The copy must match the data word for word and contain no pictures.

_MATERIAL PROVIDED:_
::::::::::

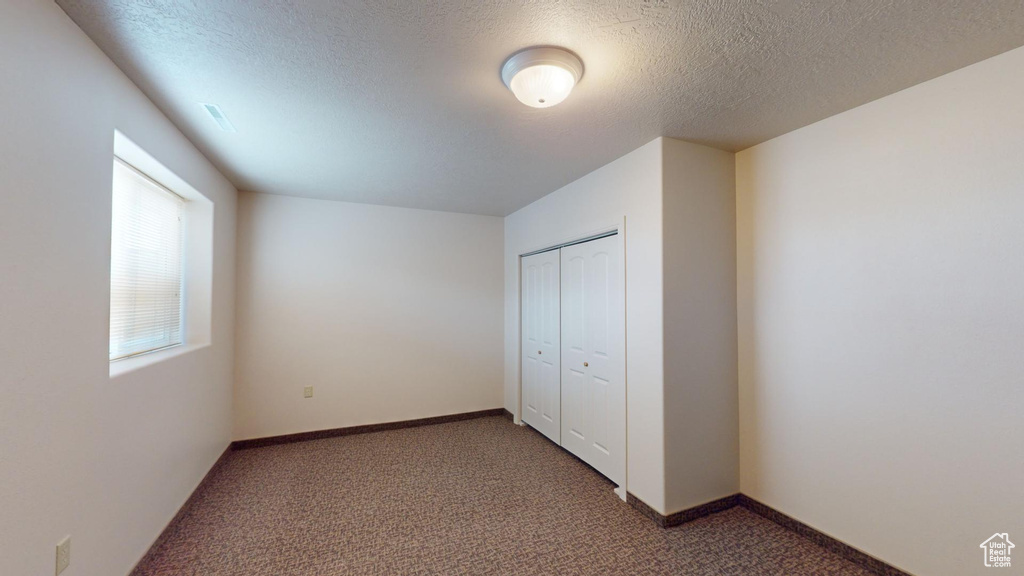 Unfurnished bedroom featuring a textured ceiling, a closet, and dark carpet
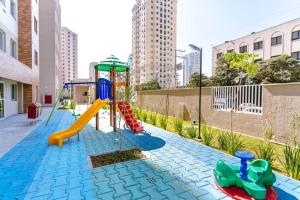 a playground with a slide and a slide at Apto Confortável prox ao Allianz in Sao Paulo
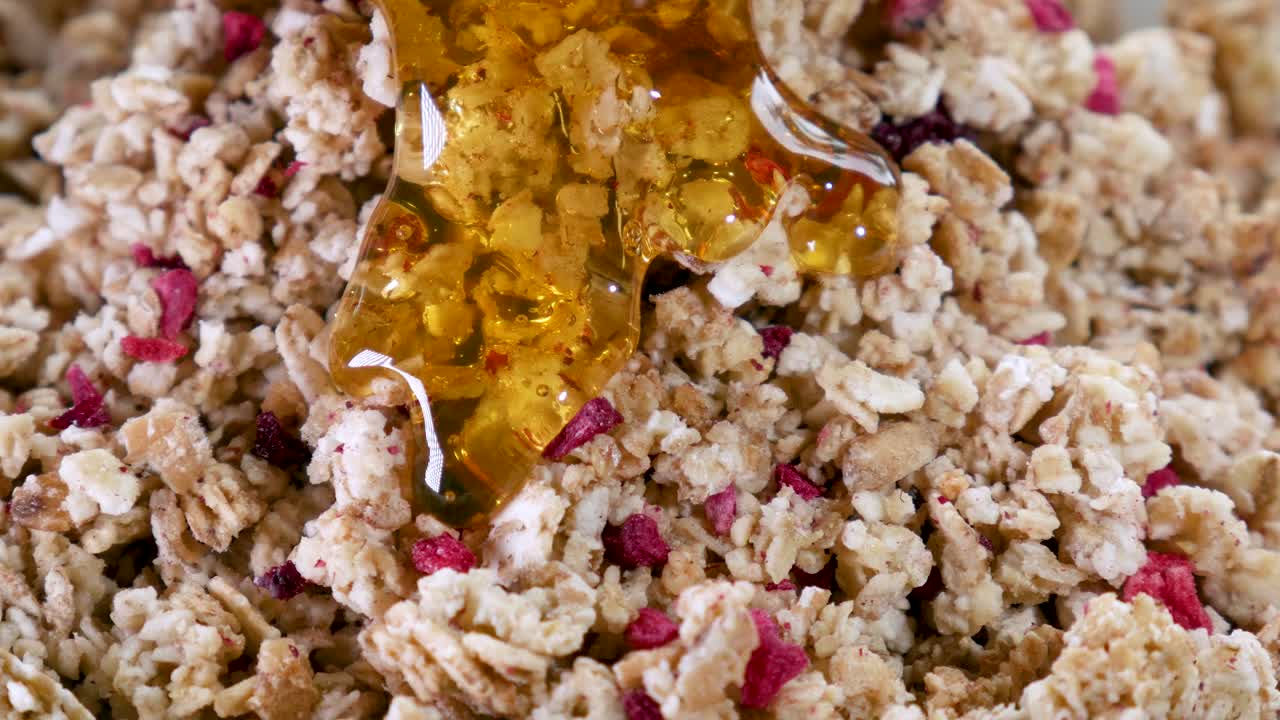 황금빛 액체 꿀이 과일과 함께 유기농 바삭한 뮤즐리 위로 천천히 흐릅니다.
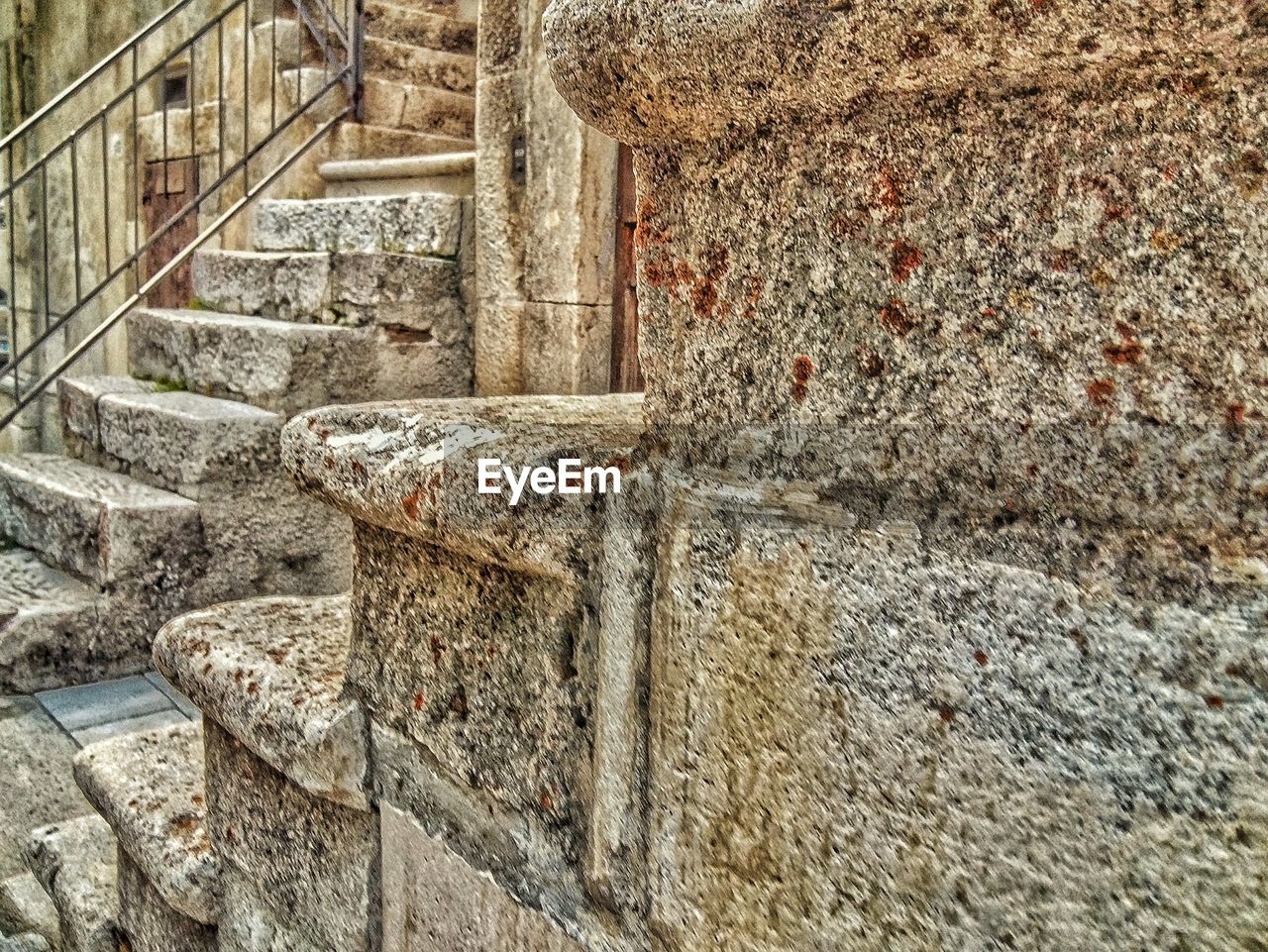 STONE WALL WITH BRICK WALL IN BACKGROUND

::::::::::

_WRITTEN RESPONSE:_
 Unfurnished bedroom featuring a textured ceiling, a closet, and dark carpet
 a playground with a slide and a slide at Apto Confortável prox ao Allianz in Sao Paulo
 황금빛 액체 꿀이 과일과 함께 유기농 바삭한 뮤즐리 위로 천천히 흐릅니다.
 STONE WALL WITH BRICK WALL IN BACKGROUND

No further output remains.